В 1870 году Наполеон III позволил втянуть себя в войну с Пруссией и был разгромлен так умело, что был взят в плен, даже не успев осмыслить масштабов своего поражения. Прусские войска заняли столицу Франции 28 января 1871 года, а десятью днями раньше король Вильгельм был провозглашен германским императором в зеркальном зале Версальского дворца. России не было никакой надобности вмешиваться в конфликт европейских держав: положение стороннего наблюдателя, который не тратит ни сил, ни средств, а после войны еще прибирает с разрешения победителя то, что плохо лежит, является оптимальным. России редко доводилось бывать в этой роли – зато ее до недавнего времени с немалым искусством играли политики Североамериканских Соединенных Штатов. В случае франко-прусской войны, выгоды этого положения были использованы в полной мере. Дав злобным германцам растоптать французскую армию, князь А.М.Горчаков, стоявший тогда во главе нашей дипломатической службы, спокойно известил представителей государств, подписавших в 1856 году Парижский мир, что Россия отныне не считает содержавшиеся в нем положения обязательными для себя. Фактически это был ультиматум, в котором «петербургская империя» объявляла о пересмотре итогов Крымской войны – и теперь уж никто не мог ей помешать.
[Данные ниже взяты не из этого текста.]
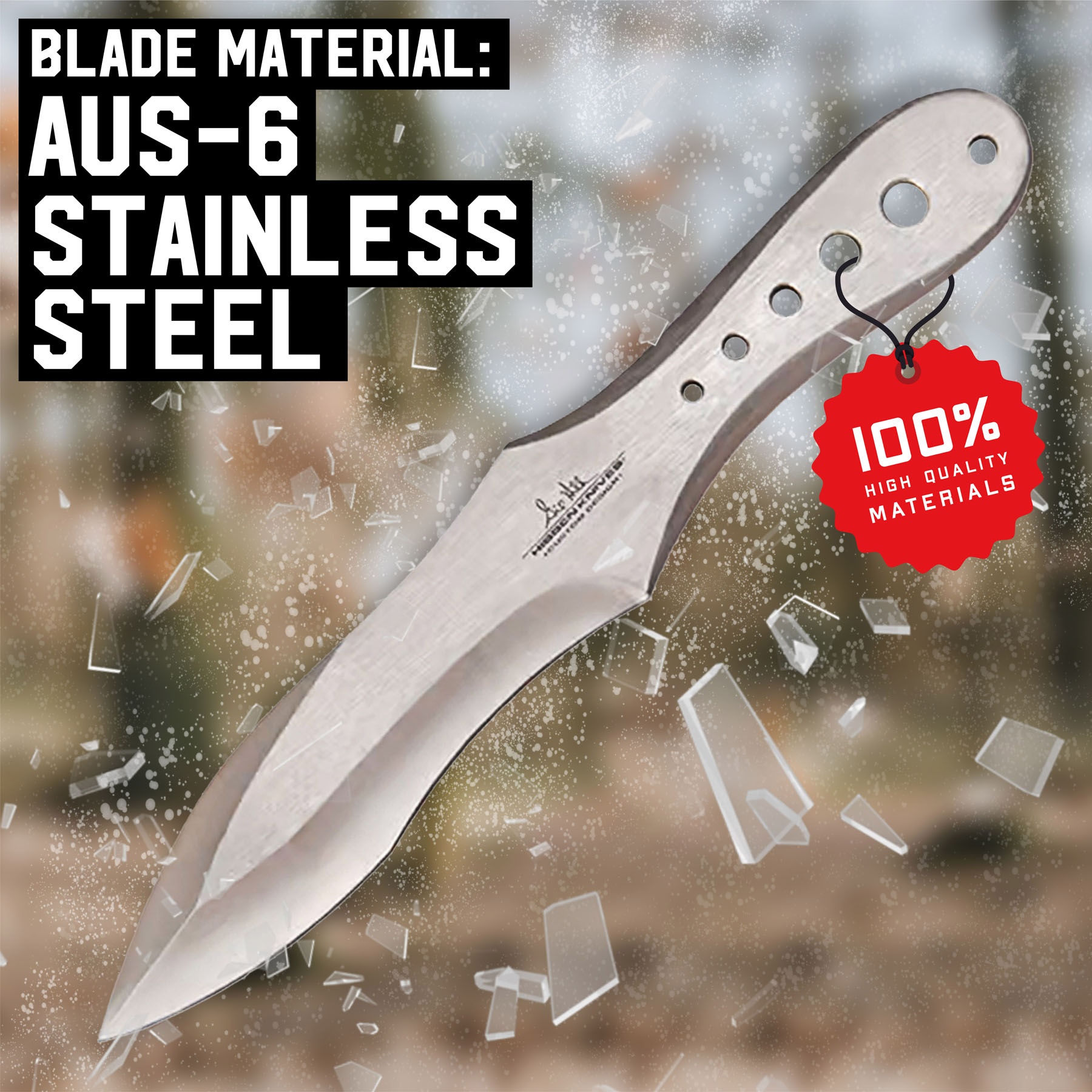 Gil Hibben Genx Pro Wurfmesser 3er Set, groß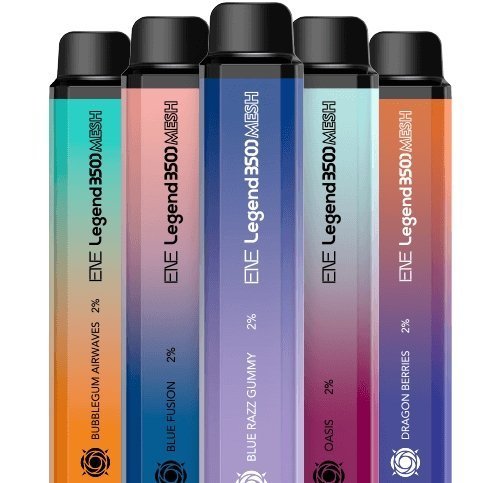 buy ENE Legend 3500 Mesh Disposable Vape Puff Bar Pod at Wolfvapes.co.uk
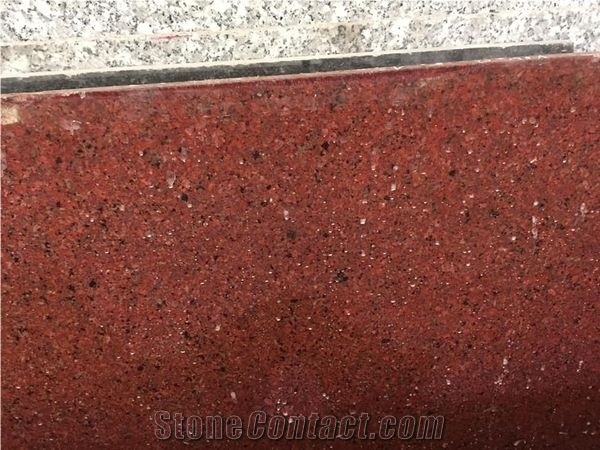 Hot Sales Ruby Granite Polished Surface Slab from Vietnam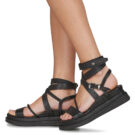 Airstep / A.S.98 LAGOS 2.0 Schwarz Keilabsatz Sandalen Damen - 8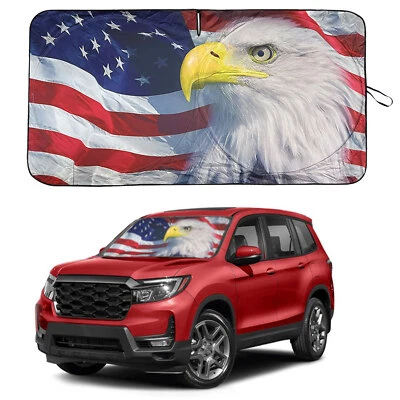 Parabrisas para Honda Passport Eagle bandera de Estados Unidos patriota protección térmica Foto 1 de 4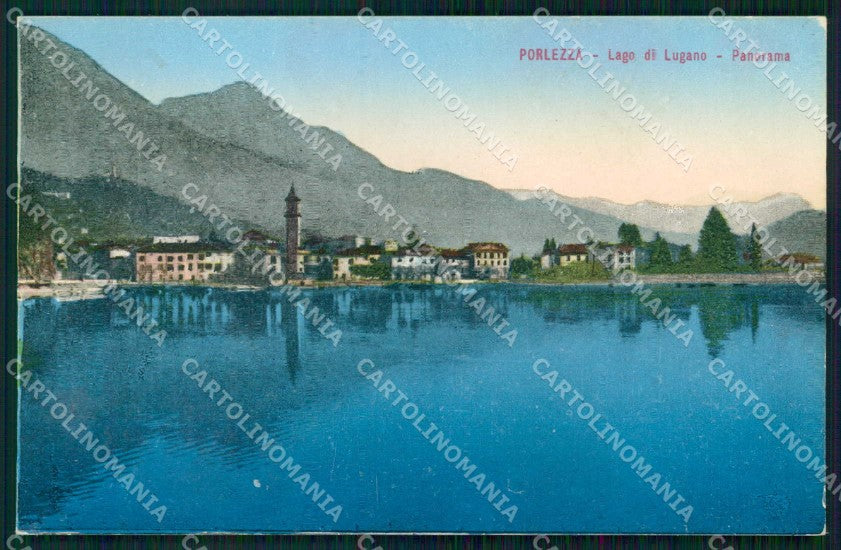 Como Porlezza Lago di Lugano cartolina RT0092 – fronte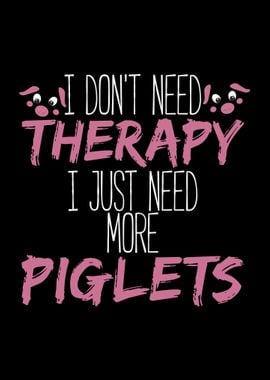 Piglet Therapy Pig Pigs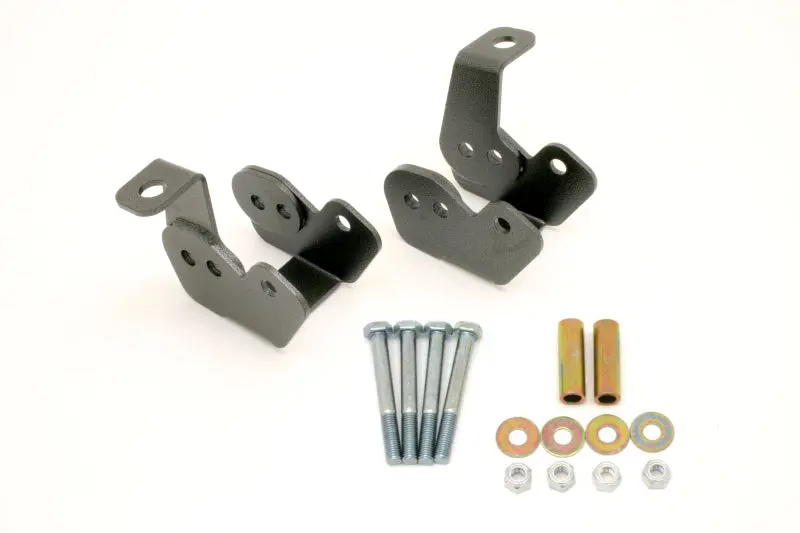 Bmr 82-02 3Rd Gen F-Body Bolt-On Control Arm Relocation Brackets - Black Hammertone 1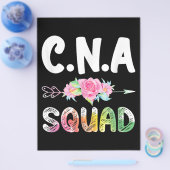 CNA Nurse Squad Certified Nursing Assistant Flyer (Enkel)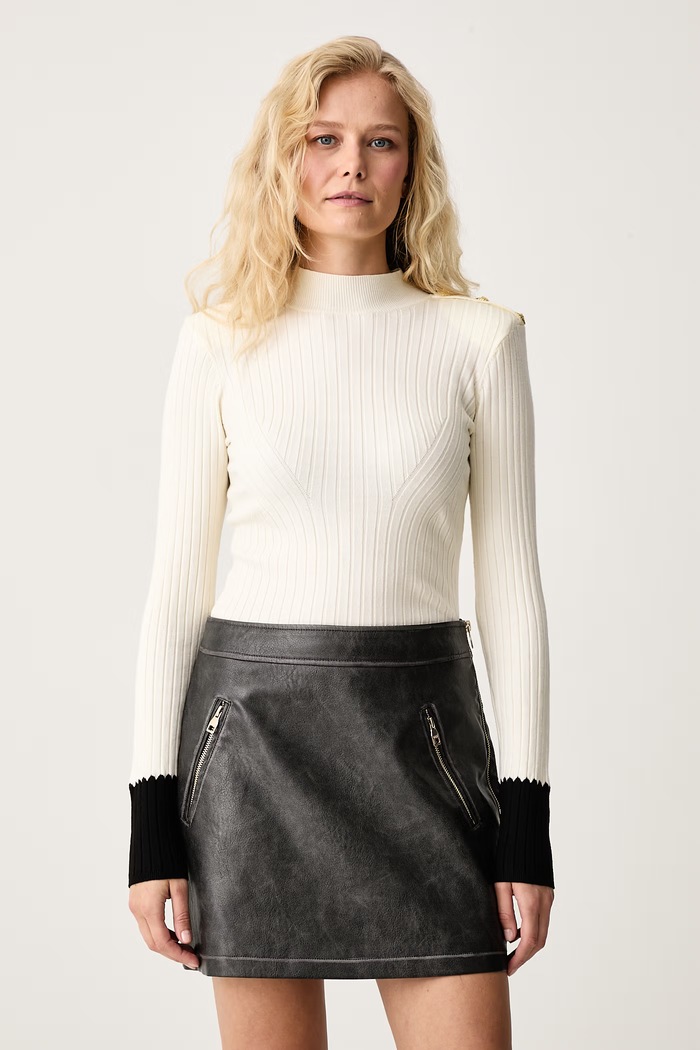 Gaudi Sweter damski z wiskozą beżowy 621FD53005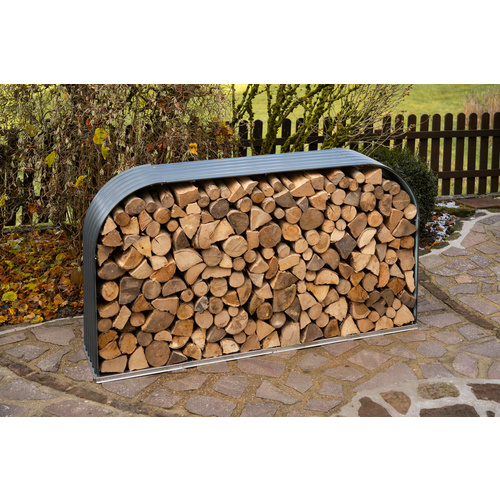 Westmann Kaminholzregal »Hajo«, BxHxT: 212 x 111 x 46 cm, Stahlblech - grau (Rabatt: 16 %) Westmann Kaminholzregal »Hajo«, BxHxT: 212 x 111 x 46 cm, Stahlblech - grau (Rabatt: 16 %)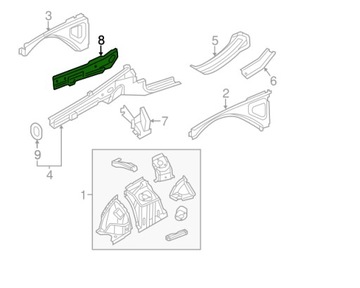 фото thumb №9, Фартук левый перед dodge challenger 15- 2015- 68230361ac оригинал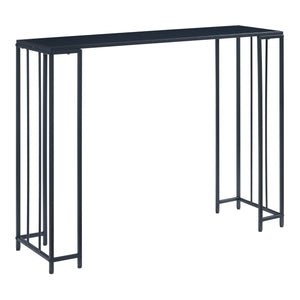Set di 2 Tavoli a Consolle Ørsta in Misure Diverse - Nero [en.casa]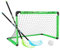 Unihockey Set mit Hockeytor 2 Schlägern 1 Ball – Floorball Kinder Set Hockeytor klappbar Indoor Outdoor Training Schulsport Teamsport Spieltor Hockey Komplettset Freizeit Sportausrüstung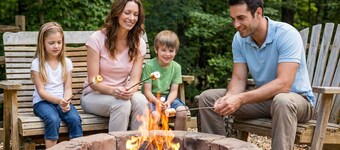 Mountain Views Hot Tub Arcade Game Firepit
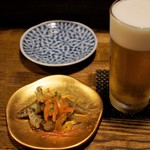 にほん酒と肴 酔音 - お通し　もろこ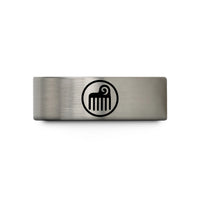 best rings for women – gray tungsten duafe circle wedding band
Русско-французская военная конвенция
Летом 1891 года французская эскадра под флагом адмирала Альфреда-Альбера Жерве по приглашению российского правительства вошла в воды Финского залива и расположилась на рейде Кронштадта. Торжественный обед в честь гостей решено было дать в залах Большого Петергофского дворца с участием государя, в связи с чем у гофмаршала В.С.Оболенского возникло известное беспокойство. Дело было в том, что Александр III решил не только сказать несколько приветственных слов по адресу адмирала и команды, но и выступить с развернутым тостом за процветание Франции и развитие двусторонних отношений. Согласно дипломатическому этикету, в таких случаях полагалось играть гимны обеих держав. Гимн «Боже, Царя храни» у гофмаршала озабоченности не вызвал, но что касалось до гимна Франции… Ведь оркестр должен был в таком случае играть «Марсельезу», мелодия и слова которой во всем мире ассоциировались тогда с революцией. Память одного из современников, генерала Н.А.Епанчина, сохранила следы короткого препирательства, произошедшего тогда между царем и его гофмаршалом: «Но, Ваше Величество, это Марсельеза». – «Но ведь это их гимн, значит, его и следует играть». – «Но, Ваше Величество, это Марсельеза…». – «Ах, князь, Вы, кажется, хотите, чтобы я сочинил новый гимн для французов; нет уж, играйте тот, какой есть». И когда после тоста государя в Петергофском дворце раздались звуки Марсельезы, это произвело сильное впечатление.